The main argument of the article was about Information Technologies becoming less strategically important, and companies needed to adapt their ways of IT investment and management.
Carr supported his main argument with the following sub-arguments:
- The strategic advantage of IT was diminishing: in the early years of IT’s introduction to businesses, companies with cutting-edge proprietary IT solutions had a huge advantage. With massive investments in IT throughout the years, IT has become more of an infrastructural technology by decreasing prices and ease of reach. IT has become more of a factor of survival.
- Commoditization of IT changed the game, companies should change their approach to IT investments. Using an interconnected and interoperable system that lots of companies use as a standard way of doing business, instead of building in-house solutions for business processes can be much more effective and cheaper choice.
- As a result of the changes mentioned above, IT management should become more conservative:
- Spending less on IT increases the profitability of the companies because spending more doesn’t bring significant competitive advantage anymore.
- Staying back from the cutting edge, waiting to make IT investment to new technologies until standards and best practices solidify is a smarter way of IT management. Being on the cutting edge brings unnecessary expenses without adding significant edge on the competition.
- IT management should focus on vulnerabilities, not opportunities. With IT’s massive expansion and becoming a commodity, its risks become more important than the advantages it provides.

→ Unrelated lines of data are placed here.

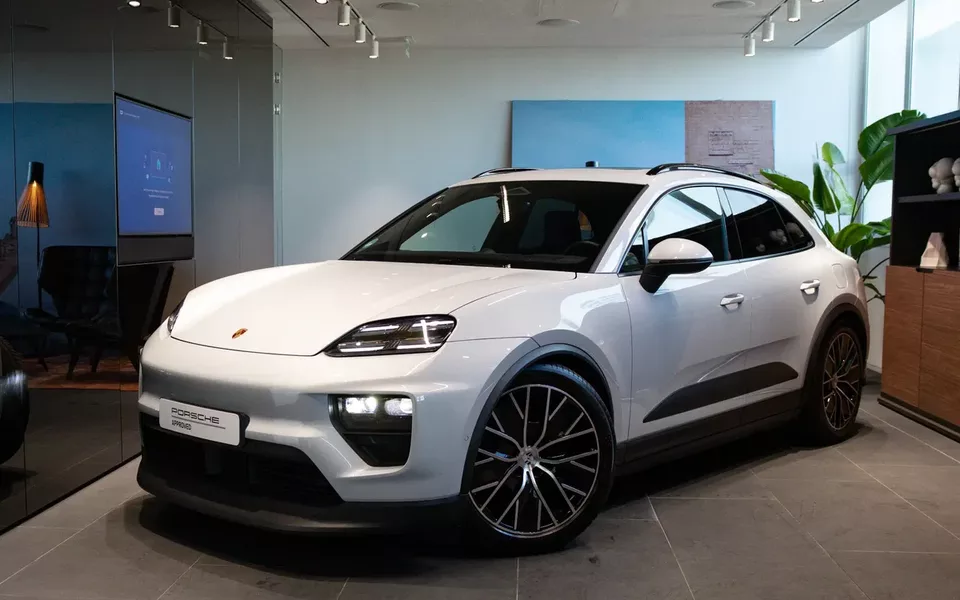 Porsche Macan Electric 4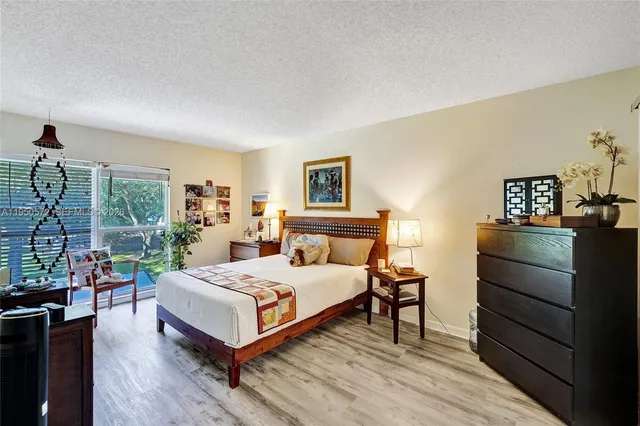 $388,800 | 3302 Farragut Street, Unit 5C, Hollywood, FL 33021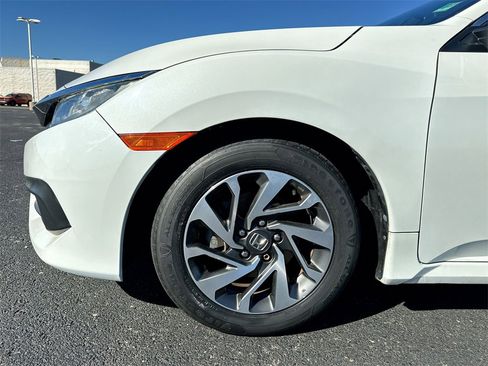 Used 2018 Honda Civic EX image 10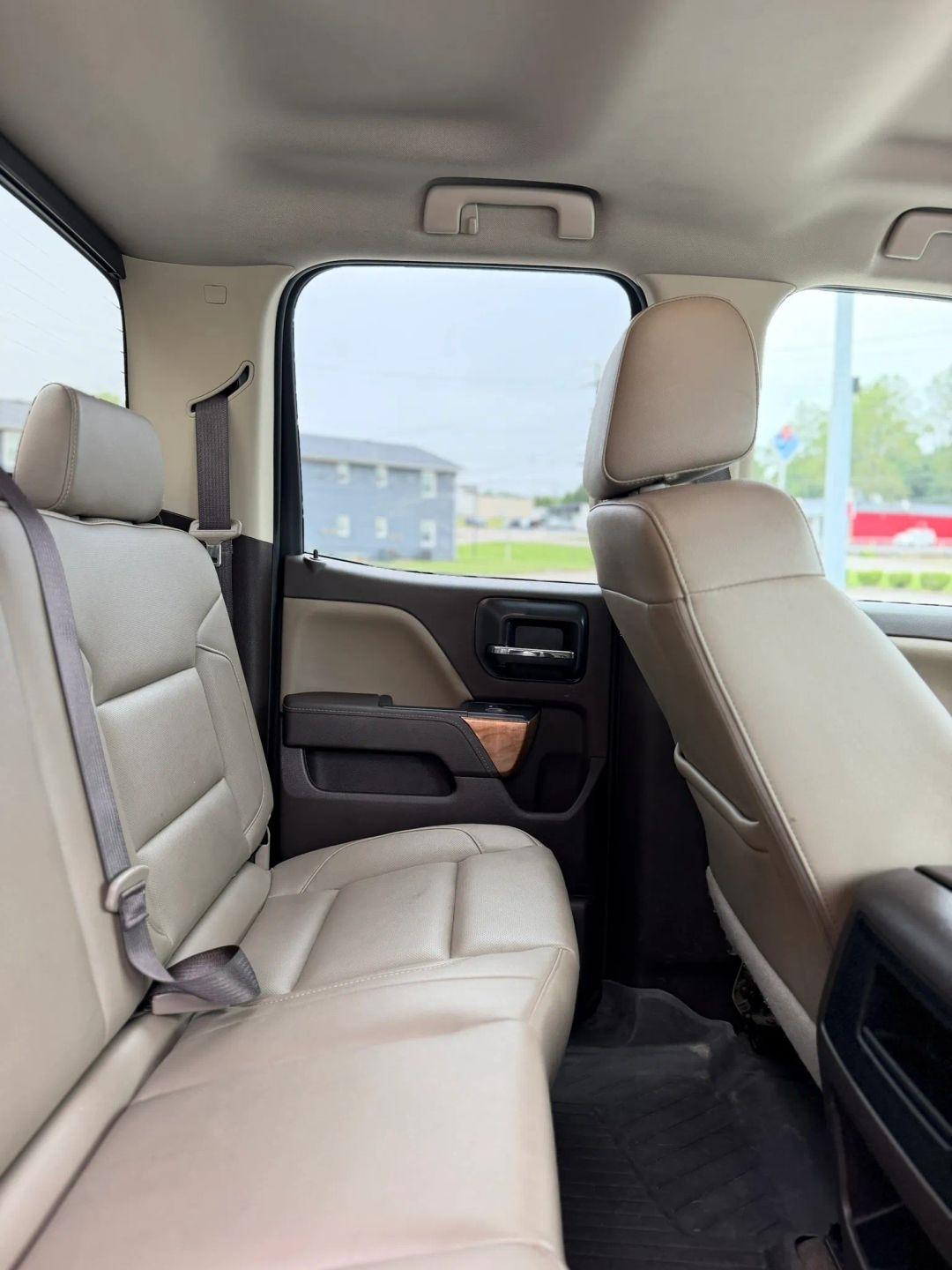 Chevrolet Silverado 1500 4WD Double Cab 143.5" LTZ w/1LZ 2017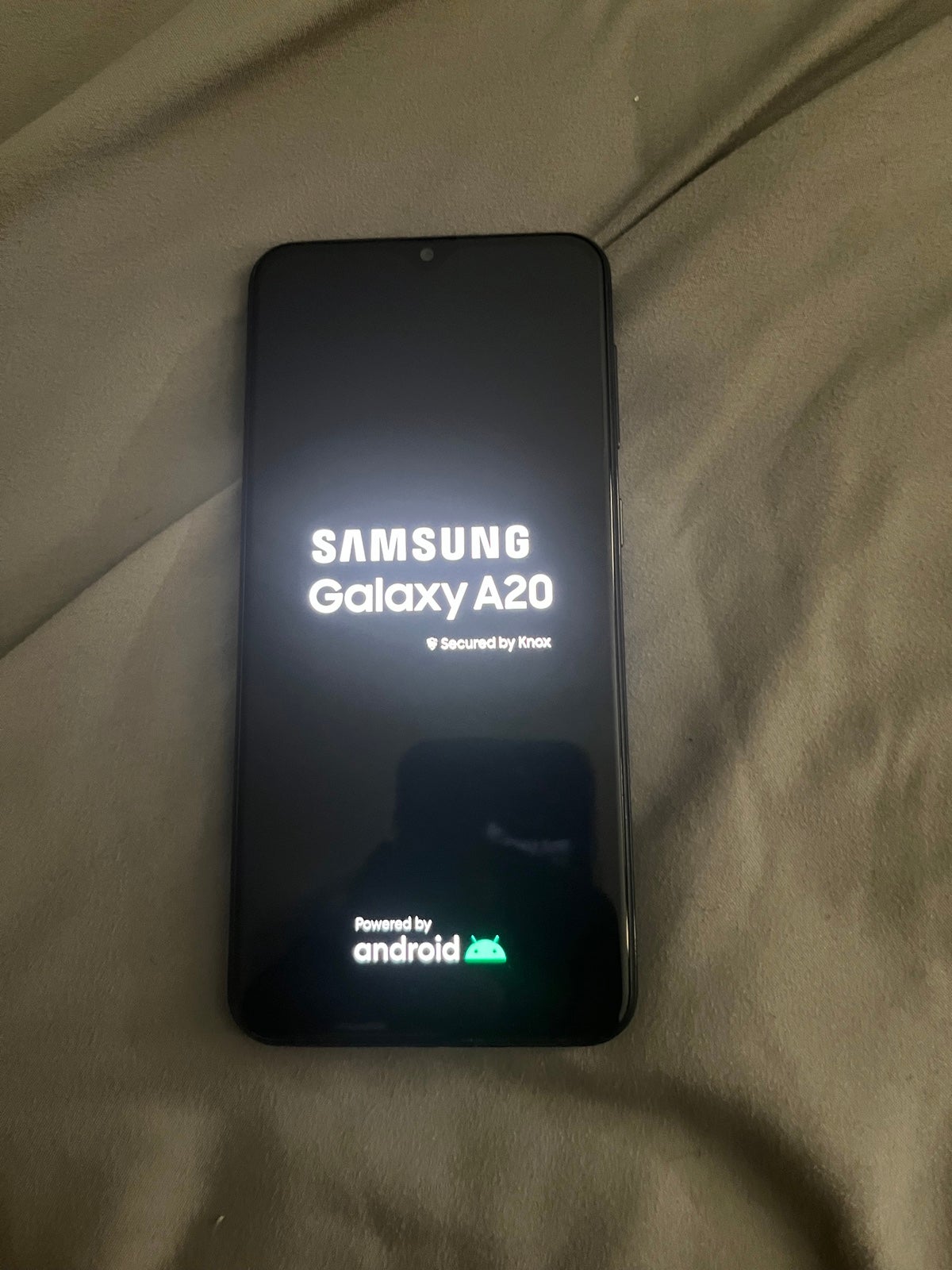 Samsung Galaxy A20 32GB in Black
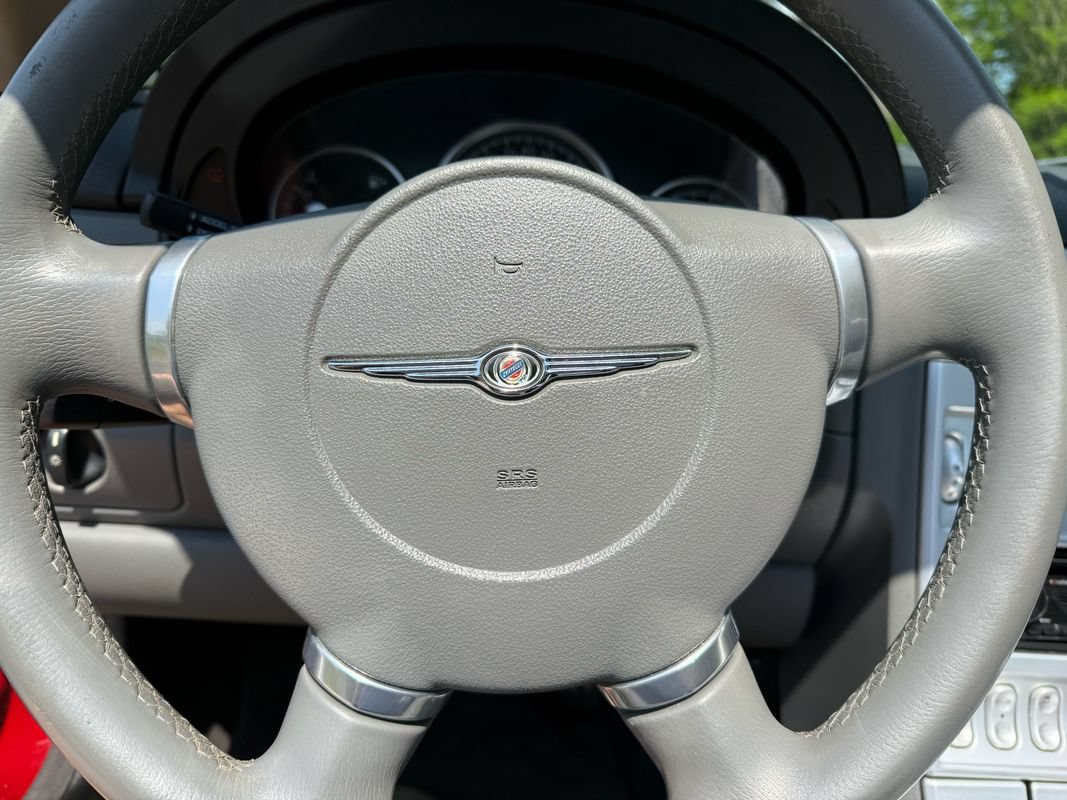 Used 2005 Chrysler Crossfire Limited RWD image 20
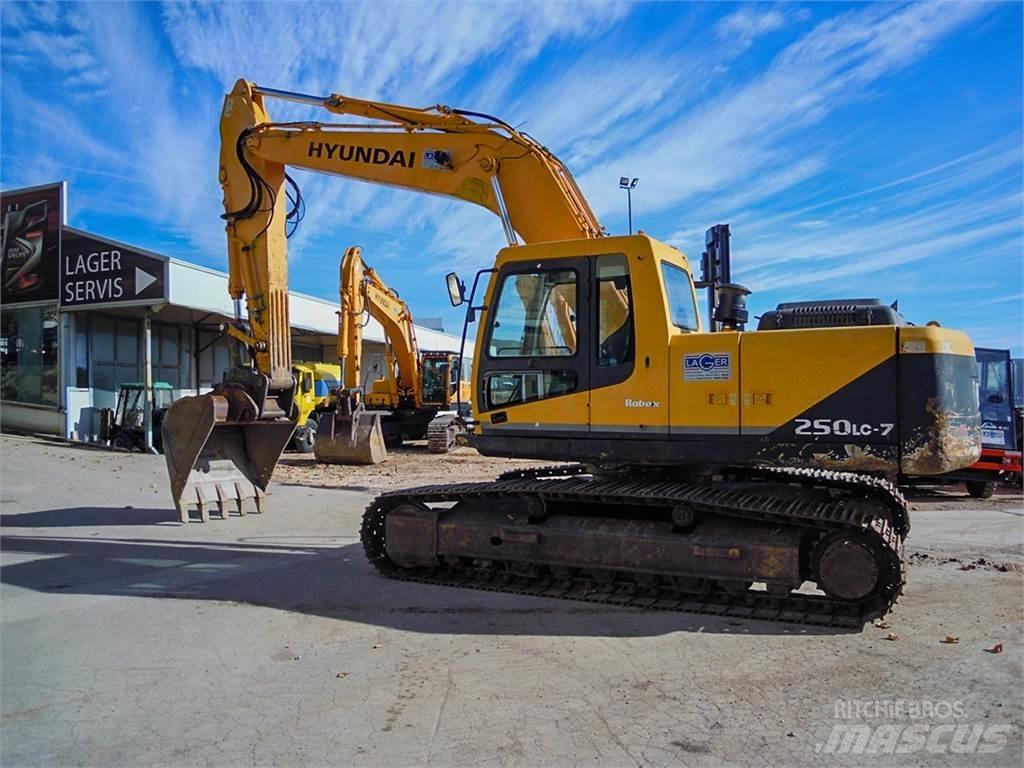 Hyundai R250LC-7 Rupsgraafmachines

Is Carr’s Prophecy being Fulfilled?
If we are to encapsulate the term “Information Technology” as the technologies used for processing, storing, and transporting information in digital form, as used in the article, yes. Carr’s prophecy is fulfilled within the 12 years passed after the article was published. Because buying the newest PCs for employees instead of buying the model before newest one doesn’t matter, the older model can also do a pretty good job for the employee’s needs. This is true even for the knowledge workers. Knowledge workers don’t need to have super-computers of their own to deal with big datasets to create value by deriving insights from the data. They do it in the cloud, with several interconnected, cheap servers ready for their use. The companies pay per use of cloud computing, and most of the small and mid-sized digital firms don’t have a single server of their own, they just buy the computing power as a service from the providers.
What do you think? — Does having cutting-edge IT really bring competitive advantage? Is it worth investing so much into a not-well-known new technology?